Consider a partial differential equation that is of the following form: \begin{equation} (-\partial_x^2+g(x))f(x, t)=i\partial_tf(x, t) \end{equation} where $g(x)$ is a real function. Suppose that $f(x, t=0)=f_1(x)$ and $f(x, t=T)=f_2(x)$. Is it possible to reconstruct $g(x)$ from $f_1(x)$, $f_2(x)$ and $T$? If so, how to do it and is the solution unique?
This question can also be formulated in terms of the Green's function of this problem.

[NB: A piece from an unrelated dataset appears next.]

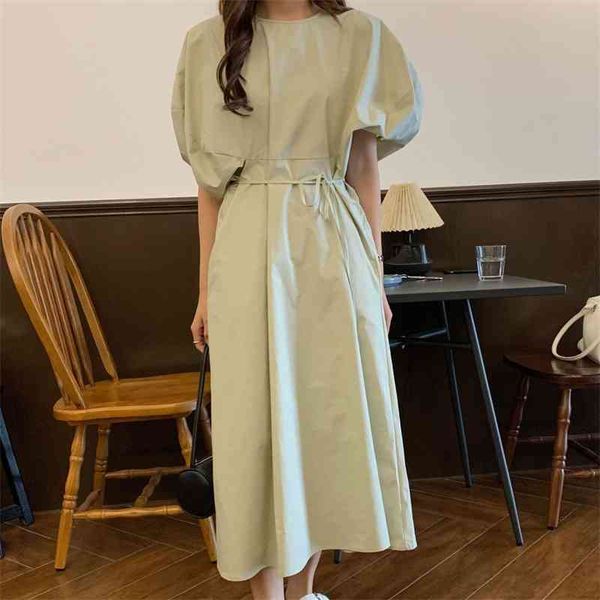 

casual dresses high waist solid princess party loose 2021 sweet long vintage chic a-line gentle girls summer vestidos hwd7, Black;gray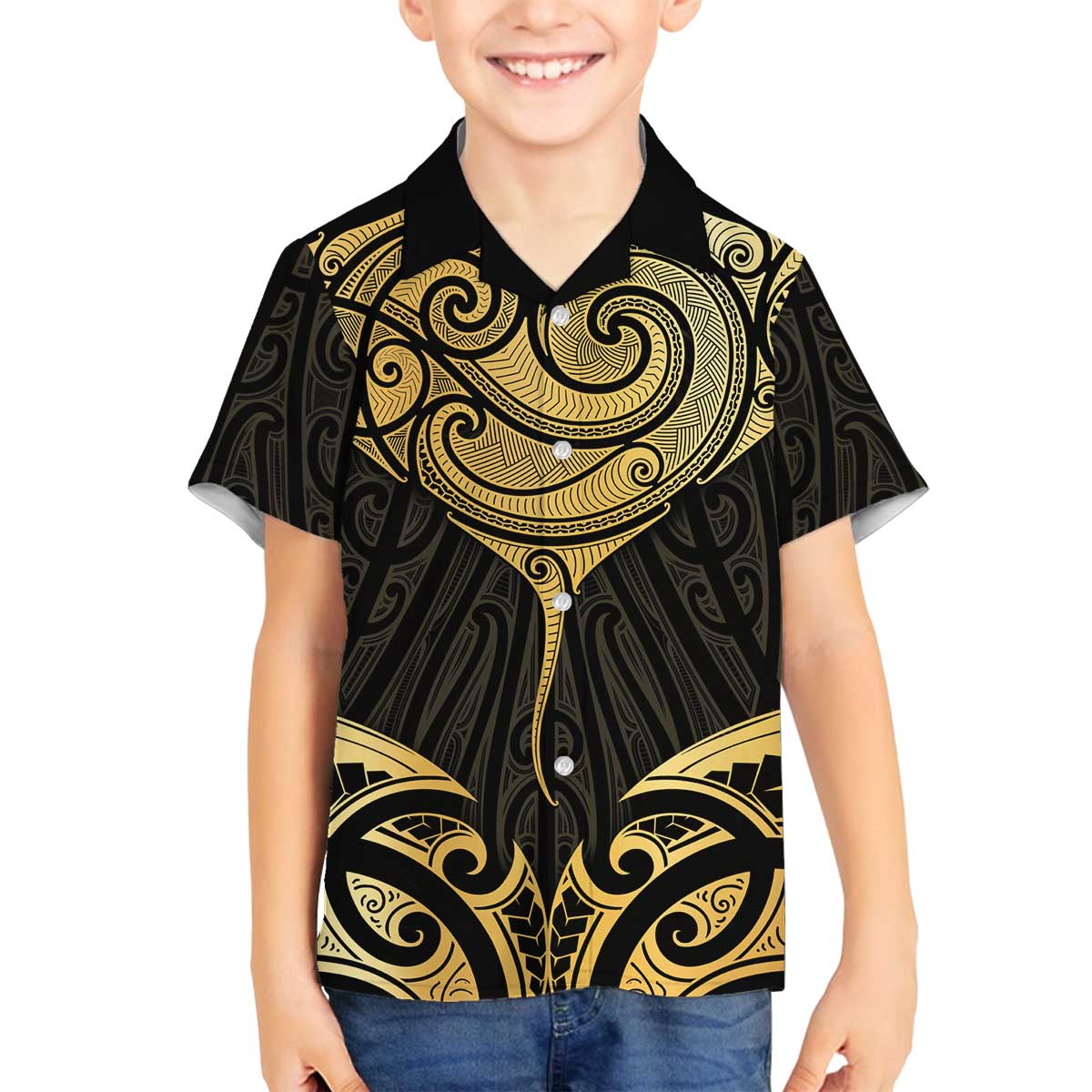 Gold Black New Zealand Manta Ray Family Matching Off The Shoulder Long Sleeve Dress and Hawaiian Shirt Aotearoa Maori Haehae - Polynesian Pride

Here the Green's function $G(x, x', t)$ is defined such that \begin{equation} (-\partial_x^2+g(x))G(x, x', t)=i\partial_tG(x, x', t) \end{equation} with the initial condition $G(x, x' ,t=0)=\delta(x-x')$. Then the above problem becomes: from $f_1(x)$, $f_2(x)$ and $T$, is it possible to reconstruct $G(x, x', t)$? If so, how to do it and is the solution unique?
Such an inverse problem is usually ill-posed, but now there are some constraints on $G(x, x', t)$ (i.e. $G(x, x', t)$ is the solution of the above initial-value problem), maybe it is possible to find such a $G(x, x', t)$ almost uniquely.